Tuesday, 7th February 2012

Relief road here at last

PLANS for Bridgnorth’s much vaunted Whitburn Street relief road have been an aspiration of the county and district councils for almost 30 years. The long-awaited £1m scheme will finally come to fruition on Monday morning when the road is officially opened.

“Originally the scheme was going to be taken forward by the district council, but was withdrawn in 1980 when it was apparent that there was little possibility of it being constructed in the short term because of restrictions on capital resources,” explained Laura Owen, communications officer for economy and the environment at Shirehall.

An officers’ report to the county council’s planning and transport committee in March 1986  — after the county council took on responsibility — recommended that ‘safeguarding a line for the relief road be discussed with the district council on the basis that the proposed development introduces the possibility of earlier construction, particularly if there are contributions from potential developers’.

Officers reported that a relief road would greatly improve the possibility of traffic management measures in the town centre, ‘particularly relieving the constraints imposed by the Northgate itself and possibly leading to some pedestrianisation’.

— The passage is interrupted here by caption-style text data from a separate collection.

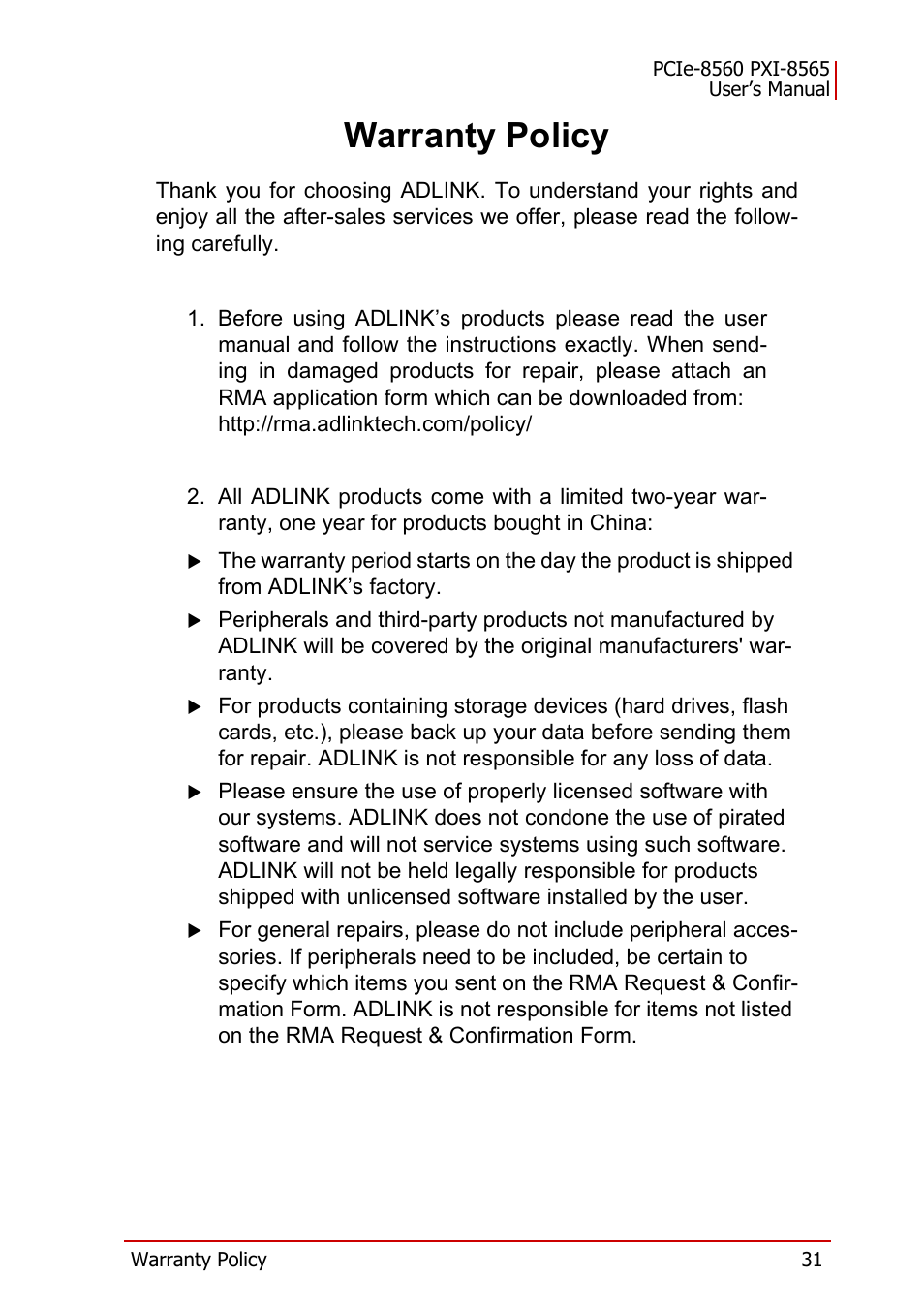 Warranty policy | ADLINK PXI-8565 User Manual | Page 45 / 46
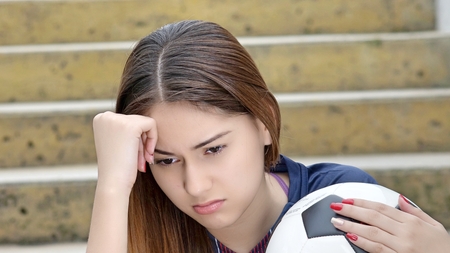 Sad Athletic Beautiful Girlの写真素材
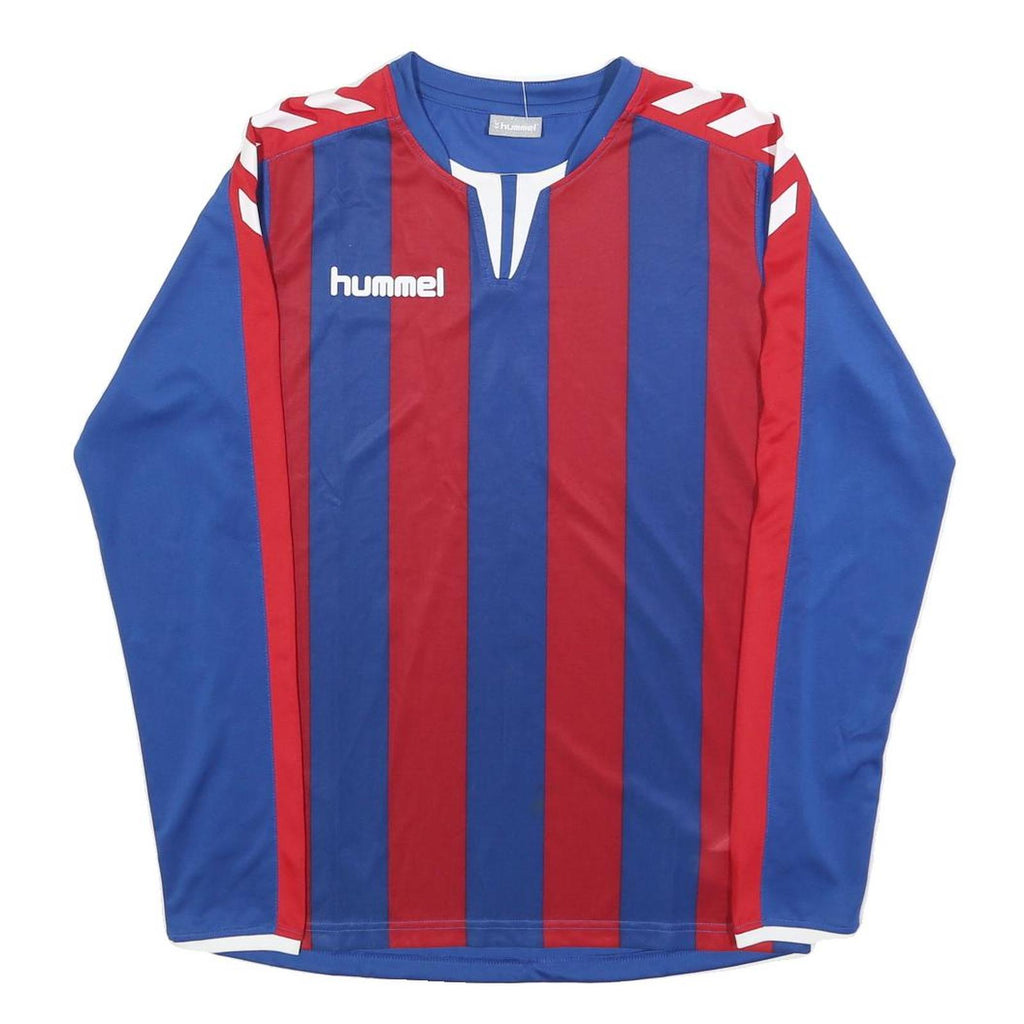 HUMMEL Mens Blue & Red Graphic T-Shirt S Long Sleeve Round Neck Sportswear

They added that county council resources were not available for the road to be built without significant contributions from potential developers.

County councillors heard in 1994 that it was difficult to acquire the necessary land with the situation regarding the old Northgate Garage particularly complex.

A public inquiry was held into a compulsory purchase scheme in 1996 and was confirmed by the Secretary of State for Transport the following year. A legal challenge against the decision was unsuccessful.

Planning permission for the road was eventually granted in 1996 and a bid was put forward for Government funding in 1998, but it was unsuccessful and Shirehall was unable to take the scheme forward.

The district council gave planning permission in 1999 to Sainsbury’s for a scheme financed by the supermarket giant with the relief road being part of a legal agreement.